In 2021, our team reported the clinical phenotyping of BS patients in China [13]. Compared with our previous works, this study separated the cardiovascular from the vascular phenotype, as arterial aneurysms had different features and outcomes from venous thrombosis; separated the neurological phenotype from the vascular phenotype, as neurological involvement had more concomitant organ damage and different clinical profiles than vascular involvement; and separated the hematological phenotype from the gastrointestinal phenotype, as the new phenotype of hematological involvement had a high frequency of trisomy 8 abnormality, MDS, and ileocecal ulcers. Notice that this study did not involve pediatrics because our earlier research indicated distinct clinical patterns between pediatrics and adults. Therefore, excluding pediatric data aimed to minimize the impact on adult clinical characterization [44].

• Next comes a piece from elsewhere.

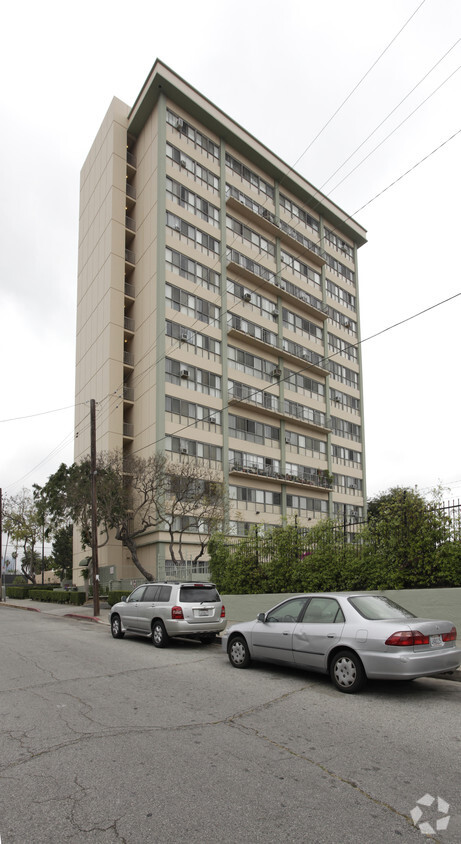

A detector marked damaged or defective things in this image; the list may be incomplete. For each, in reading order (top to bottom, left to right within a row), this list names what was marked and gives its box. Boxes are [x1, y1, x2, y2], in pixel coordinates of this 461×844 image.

cracked asphalt road [0, 608, 460, 840]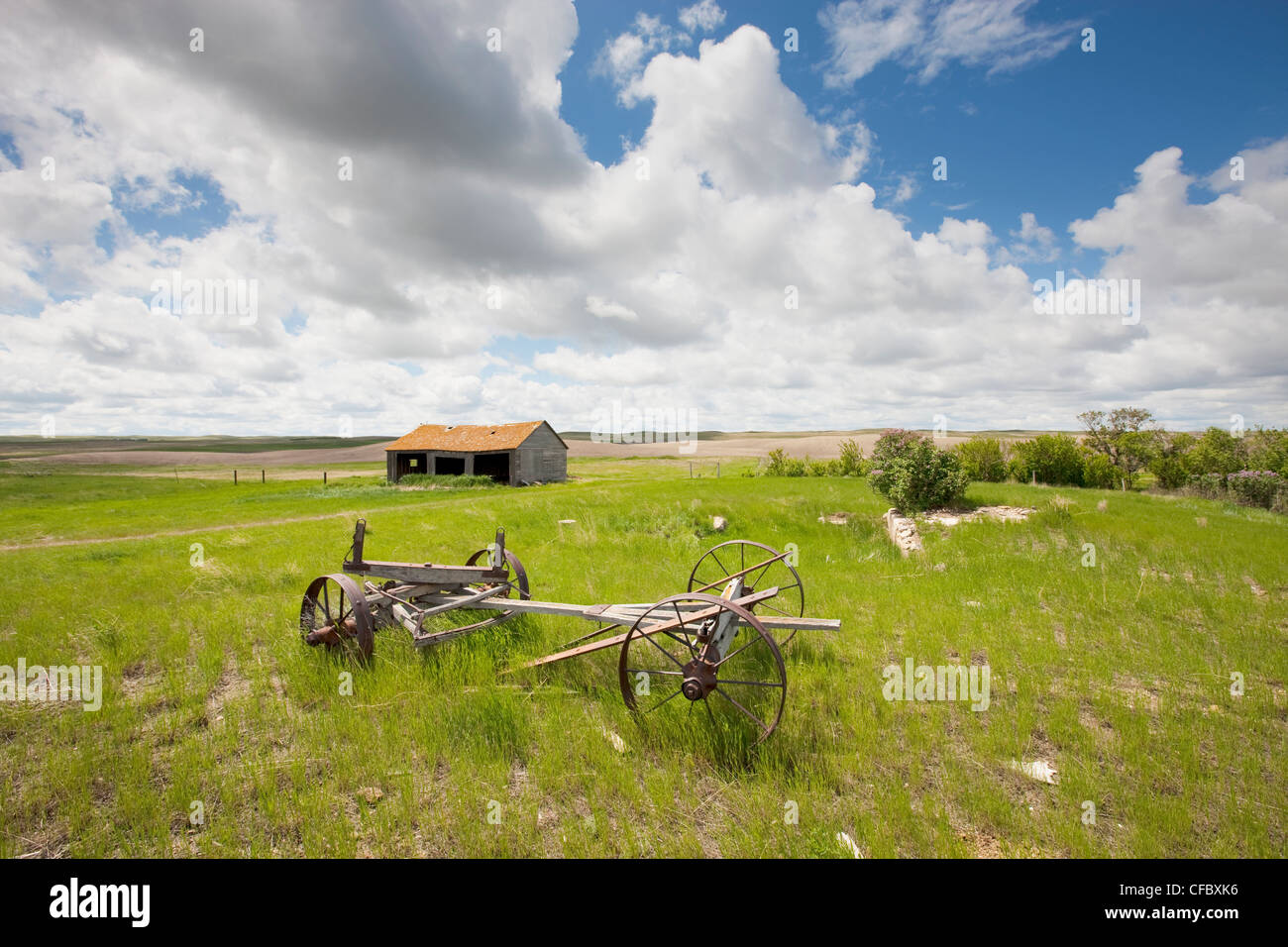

The limitations of this study should be noted, as it lacks additional datasets to validate the robustness and consistency of the clustering results. Furthermore, the extended duration of this study might have led to data dynamism and variability. Lastly, the database includes referred BS patients from across China, which might not be generalizable to other populations due to differences in classifications used in various regions or countries. The primary focus of this study is on the clinical phenotype classification of BS. However, the lack of data on patients’ outcomes, disease activity scores, and treatments represents a limitation of this study. These indicators should be given more attention in subsequent research. Therefore, we anticipate broader multi-national, multi-regional, and multi-center large-sample cluster analyses for a more comprehensive understanding.

The observation of phenotypes and clustering made researchers think that different pathogenetic mechanisms may operate in different subsets of patients with BS [12]. This study’s refinement of BS phenotypes may provide more comprehensive and personalized diagnostic and potential therapeutic strategies for BS based on each phenotypic characteristic. By using unsupervised clustering methods, we classified BS patients into subgroups that have similar manifestations and outcomes, which may improve the diagnostic sensitivity and specificity of BS. Moreover, an improved classification system serves as a foundation for more targeted and effective therapeutic strategies, enhancing patient care and outcomes.

Conclusion

The present study identified eight distinct phenotypes of BS in a large cohort of Chinese patients. Notably, these phenotypes encompass all previously reported variations, along with the identification of a novel hematological phenotype. The phenotypes showed differences in gender distribution and organ involvements, which may provide a novel framework for understanding and phenotypic classifying for BS diagnosis and management.